**Exercise requirements:** In the data below, the answer is the run of lines from the line containing "Officers investigate an" through the line containing "May include: A", both included; print it exactly and nothing else.

**Supplied material:**
== Segment start ==
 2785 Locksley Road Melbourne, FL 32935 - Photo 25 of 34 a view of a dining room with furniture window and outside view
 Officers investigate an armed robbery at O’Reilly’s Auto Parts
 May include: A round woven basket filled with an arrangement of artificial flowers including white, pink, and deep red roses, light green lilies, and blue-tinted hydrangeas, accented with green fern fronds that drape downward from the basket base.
== Segment end ==
== Segment start ==
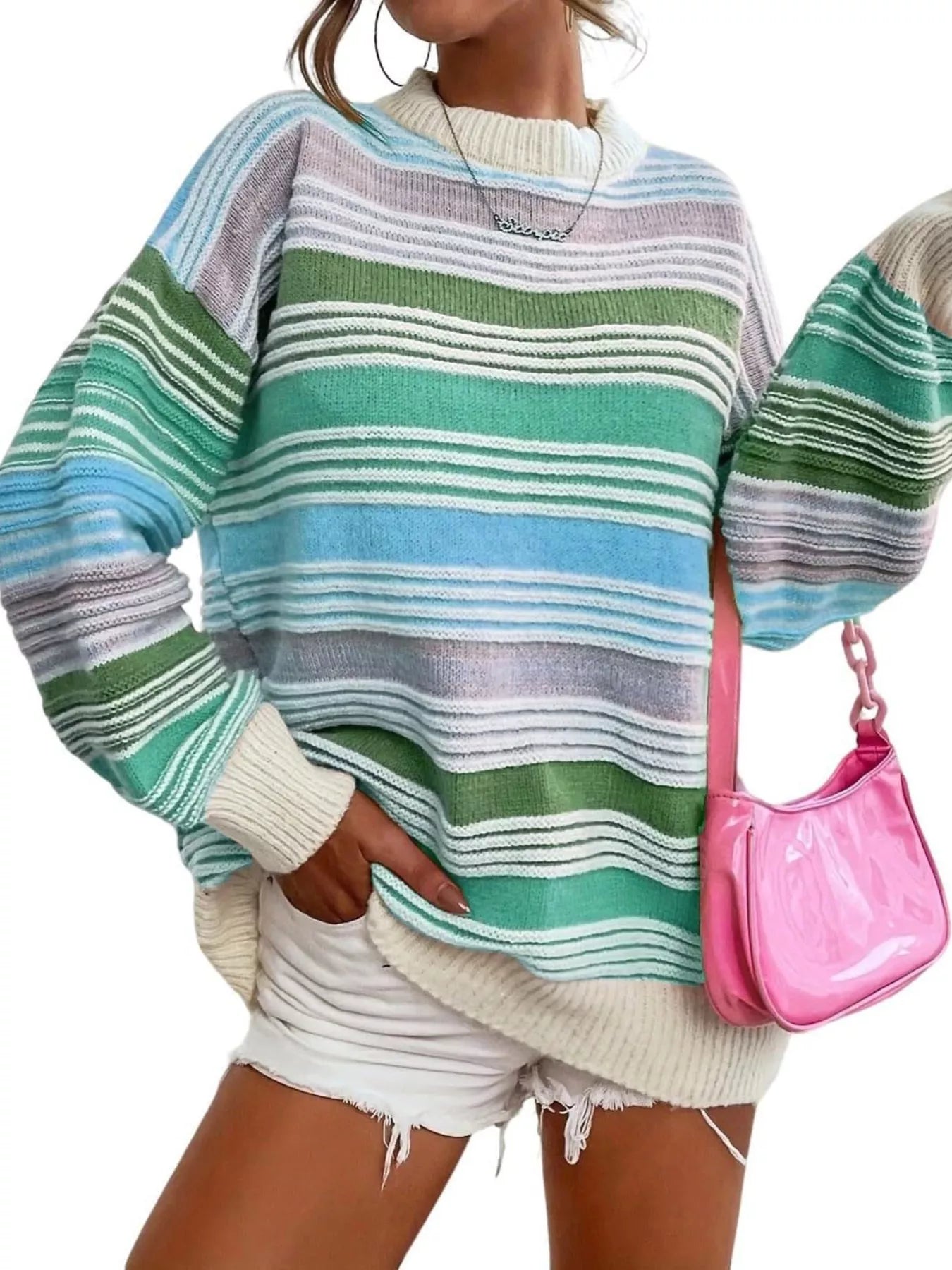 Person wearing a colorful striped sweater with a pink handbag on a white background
== Segment end ==
**Response box:**
 Officers investigate an armed robbery at O’Reilly’s Auto Parts
 May include: A round woven basket filled with an arrangement of artificial flowers including white, pink, and deep red roses, light green lilies, and blue-tinted hydrangeas, accented with green fern fronds that drape downward from the basket base.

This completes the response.